↓

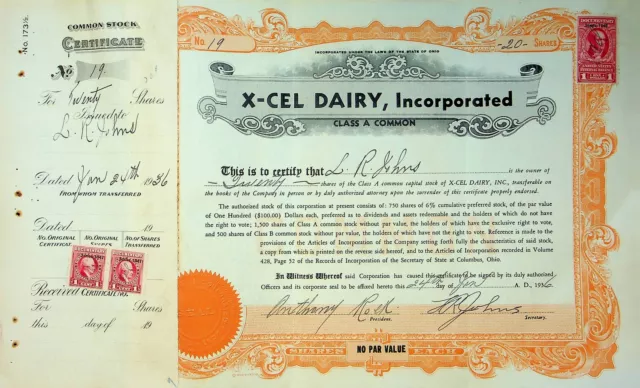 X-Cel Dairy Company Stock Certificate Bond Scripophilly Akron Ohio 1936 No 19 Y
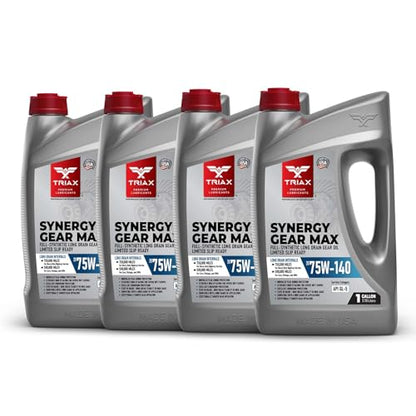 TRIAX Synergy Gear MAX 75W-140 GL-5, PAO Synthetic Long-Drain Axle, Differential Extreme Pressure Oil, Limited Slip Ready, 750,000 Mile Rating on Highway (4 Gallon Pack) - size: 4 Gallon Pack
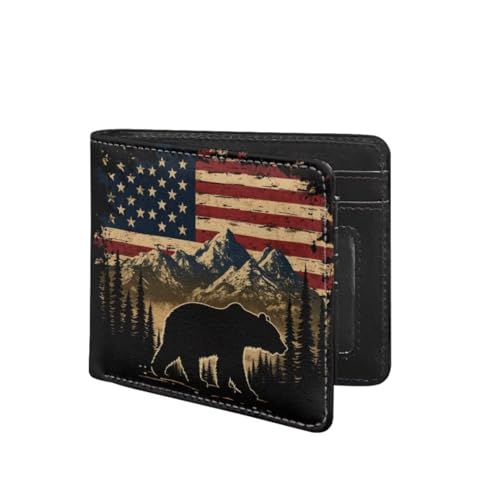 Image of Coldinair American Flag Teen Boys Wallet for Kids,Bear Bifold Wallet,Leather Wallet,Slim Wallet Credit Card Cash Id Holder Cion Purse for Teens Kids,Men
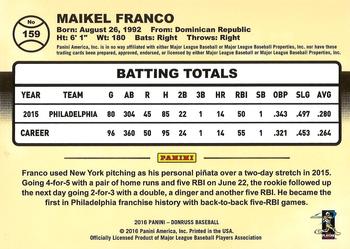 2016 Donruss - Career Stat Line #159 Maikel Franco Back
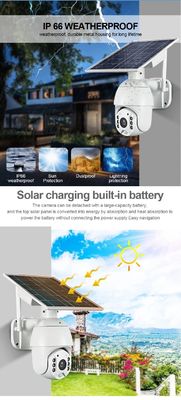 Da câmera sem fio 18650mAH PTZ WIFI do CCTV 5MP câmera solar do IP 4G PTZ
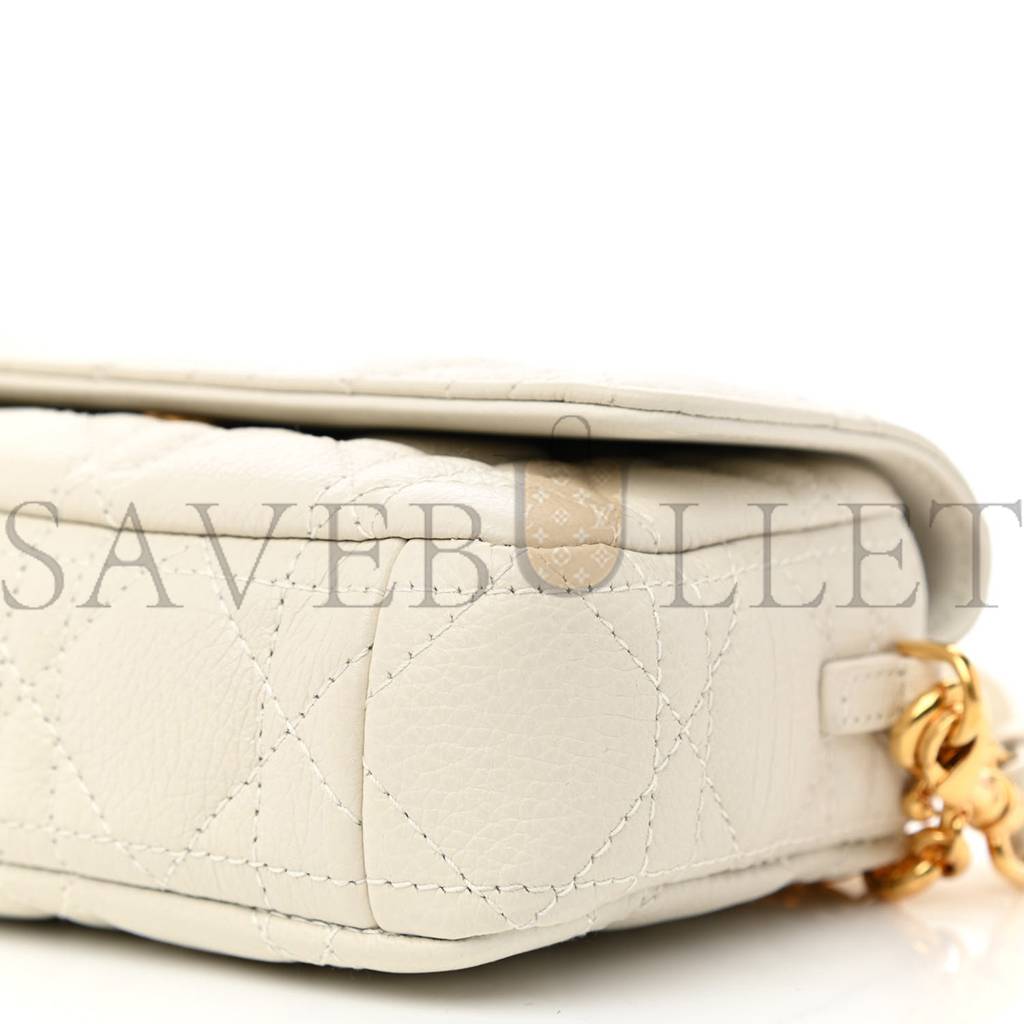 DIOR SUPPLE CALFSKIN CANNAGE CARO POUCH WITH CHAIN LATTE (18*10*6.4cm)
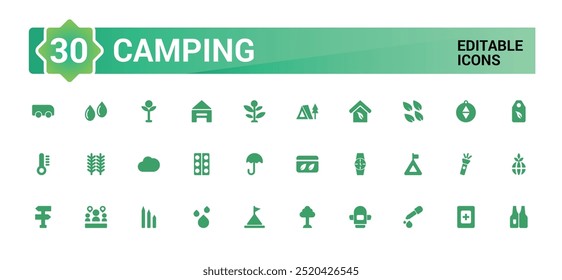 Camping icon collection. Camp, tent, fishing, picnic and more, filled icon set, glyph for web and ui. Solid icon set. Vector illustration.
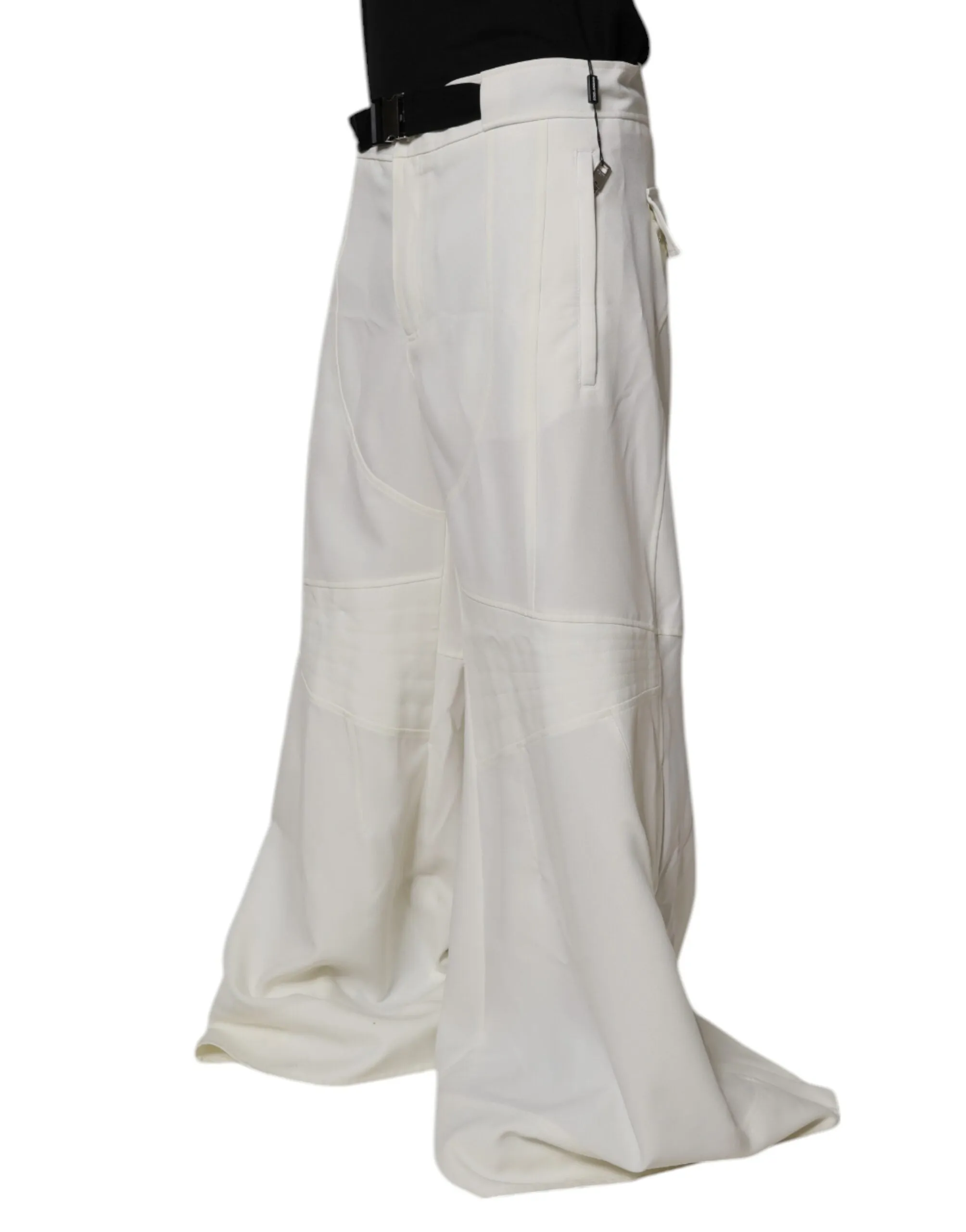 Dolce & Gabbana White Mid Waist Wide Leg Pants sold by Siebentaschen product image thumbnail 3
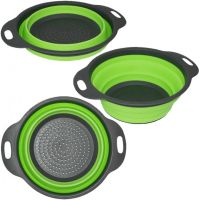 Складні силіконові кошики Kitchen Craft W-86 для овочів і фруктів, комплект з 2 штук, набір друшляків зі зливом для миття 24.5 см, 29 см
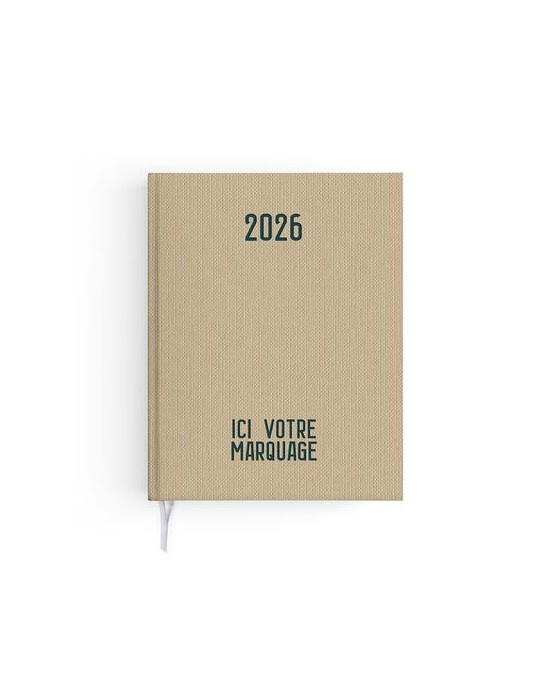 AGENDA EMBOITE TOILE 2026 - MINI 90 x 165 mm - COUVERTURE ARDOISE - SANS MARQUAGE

↑

Give back exactly the run of lines that opens the material above and ends at the line with "Складні силіконові кошики". Omit the pictures.

> **Problem solution**:
 X-Cel Dairy Company Stock Certificate Bond Scripophilly Akron Ohio 1936 No 19 Y
 TRIAX Synergy Gear MAX 75W-140 GL-5, PAO Synthetic Long-Drain Axle, Differential Extreme Pressure Oil, Limited Slip Ready, 750,000 Mile Rating on Highway (4 Gallon Pack) - size: 4 Gallon Pack
 Image of Coldinair American Flag Teen Boys Wallet for Kids,Bear Bifold Wallet,Leather Wallet,Slim Wallet Credit Card Cash Id Holder Cion Purse for Teens Kids,Men
 2016 Donruss - Career Stat Line #159 Maikel Franco Back
 Da câmera sem fio 18650mAH PTZ WIFI do CCTV 5MP câmera solar do IP 4G PTZ
 DIOR SUPPLE CALFSKIN CANNAGE CARO POUCH WITH CHAIN LATTE (18*10*6.4cm)
 Camping icon collection. Camp, tent, fishing, picnic and more, filled icon set, glyph for web and ui. Solid icon set. Vector illustration.
 Dolce & Gabbana White Mid Waist Wide Leg Pants sold by Siebentaschen product image thumbnail 3
 Складні силіконові кошики Kitchen Craft W-86 для овочів і фруктів, комплект з 2 штук, набір друшляків зі зливом для миття 24.5 см, 29 см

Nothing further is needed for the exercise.